Dataset extract
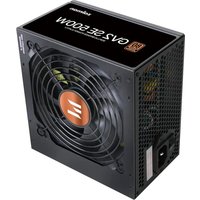 Notice ZALMAN GV2SE ZM500-GV2SE Alimentation PC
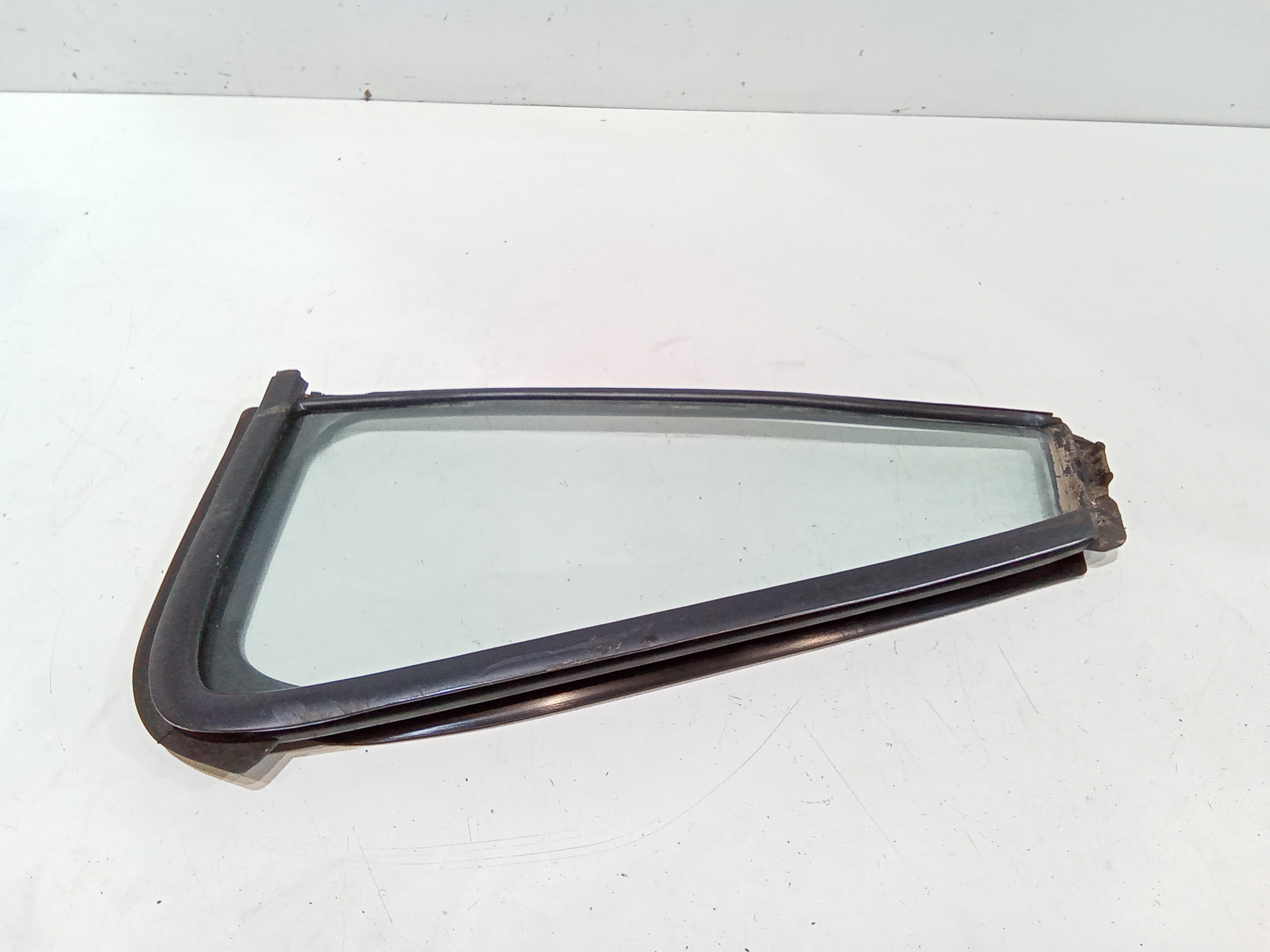 Deflettore posteriore DX per Daihatsu Sirion 2 Serie (2005 - In produzione)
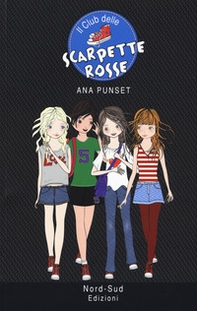 Il club delle scarpette rosse - Librerie.coop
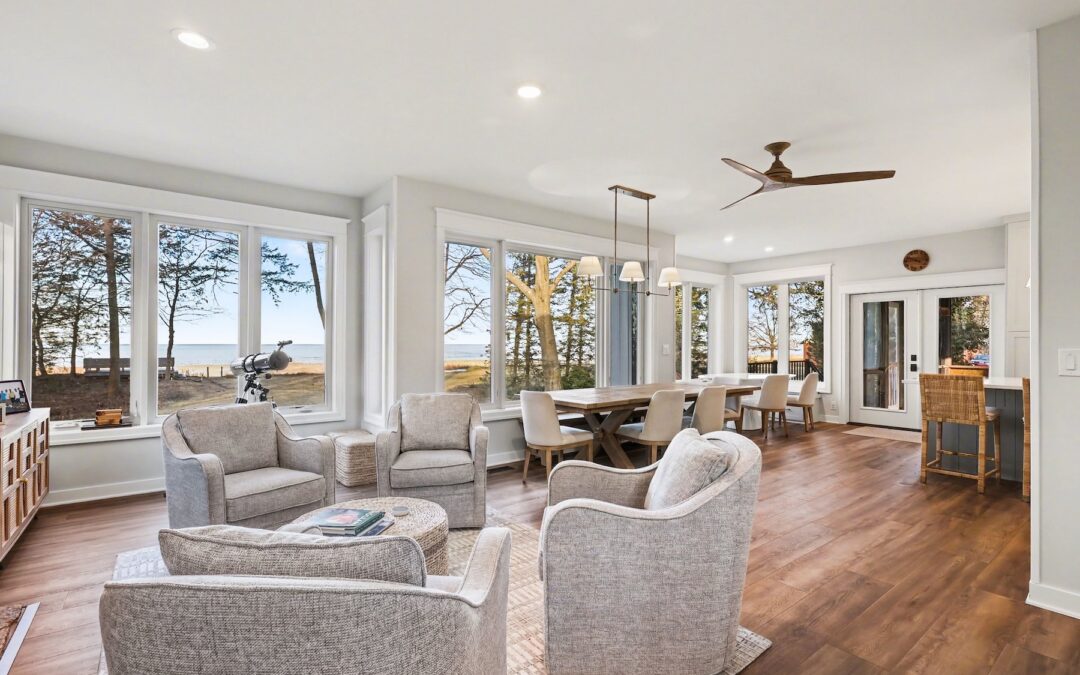 Holland Lakeshore Renewal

Activity
Using the material above, set down every line exactly, but skip the pictures.

Task output
 Notice ZALMAN GV2SE ZM500-GV2SE Alimentation PC
 Deflettore posteriore DX per Daihatsu Sirion 2 Serie (2005 - In produzione)
 Il club delle scarpette rosse - Librerie.coop
 Holland Lakeshore Renewal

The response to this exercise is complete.